Thursday, May 26, 2011

My top ten networking rules.

10. Always segment traffic. Storage traffic should be on a storage vlan, Backup traffic on a backup vlan, database traffic - guess where on the database vlan. I even promote farther segregation, prod, stage, test, and dev vlans.

9. Scan your network. If you properly segment traffic, you should never see ssh on your database vlan. This should throw a big red flag and be investigated.

8. Always allow all vlans at the core, filter which vlans are allowed at the aggregation / distro layer. The core should be static. The Core is the backbone upon which your network is built. It should be redundant and bullet proof. Admins should almost never login. The core should be transparent.

7. Create ACL's, some protocols should not transit the network (telnet, netbios). Server administrators should filter out 90% of unnecessary traffic. Network admins should put in rules in case they are lazy and to get the other 10%.
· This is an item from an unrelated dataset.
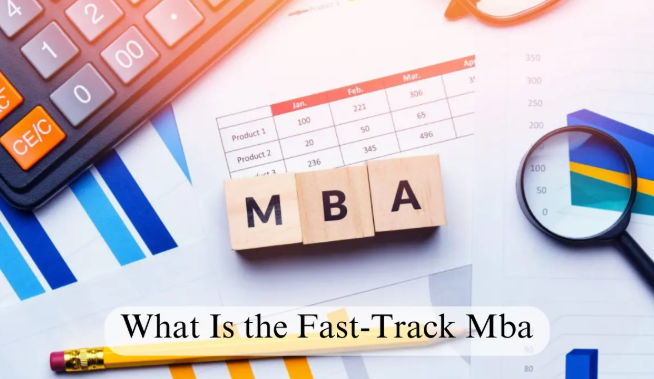 Fast-Track MBA in Business Administration2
6. There shalt not be more than 5 network devices between the user and the internet ( or the voip phone and the router), not including firewalls. So the worse case, A user pc connects to an access layer switch, to the aggregation layer switch, to the distro switch, to the core switch, to the core router.

5. There shalt not be more than 4 layers of switches between the top and the bottom of any network.(Thanks for your rebuttal Kevin, I Still don't Agree. This rule is sign of good design. I think you should re-evaluate 6 layers is more than excessive. I know I break the cisco mold. The data center stack should be directly connected to the core. but on the client side and the access layer you should not have more than four layers. Core, distro, aggregation, access. How would you name 6 layers?)

4. There shalt never be more than 3 devices between server and server, this includes servers in other data centers. The worse case a server connects to the data center edge switch, to the core, to different data center edge switch.

3. Avoid over subscription. In the Data center the rule is 1.2:1 for 1g, 8.4:1 for 10g

2. The core router should be used for network ingress and egress traffic only.

1. Always route at the access layer if possible. Layer 3 switches provide greater throughput and routing speeds for trivial routing. Voip acts better if you route as close to the user as possible.


The last but not least. Keep it simple. Always err towards simplicity, complexity kills.

Tuesday, May 17, 2011

My top ten rules of Virtualization.

10. Never allow the OS to manage the memory. Always make it static.

9. Route as close to the virtual servers as possible.

8. You can strive as much as you want to improve your VMware infrastructure, more memory, flash disks, 40Gbe, but if you do not take a holistic approach and simplify the network from the servers to the servers and from the servers to the desktop, you are only going to realize a portion of those gains.

7. A hop is a hop is a hop. Don't let the network ugru, tell you with this seamless fabric there are no hops. Every time you leave a switch it is a hop.

6. You can never have enough memory on an esx host, always max the host regardless of cost. Once you start using APM and DPM, you will be amazed when during the weekend you have one server running in your datacenter and you save 4k every weekend and about .5K every night in data center power and cooling.

5. Don't add cores. Every time you add a core to a virtual your raise the cpu wait state by at least 10%. Optimize applications, distribute load, create another instance, do not add another VCPU.

4. Do not back up at the OS layer. Backup via VCB or at the storage with snapshots and ndmp. Never backup at the OS. Same applies in the physical world. Backup the data, you can re-provision in minutes what it takes hours to restore.

3. Never use RDMS. The fictional performance gains are not worth the lack of functionality.

2. Always install VMware tools in the OS, and use vxnet.

1. This is an absolute no bending. Never install a Windows / Linux / Solaris cluster of any kind in VMware.

Yes, I realize Guru is misspelled, as ugru, but come on have you actually met a network guru.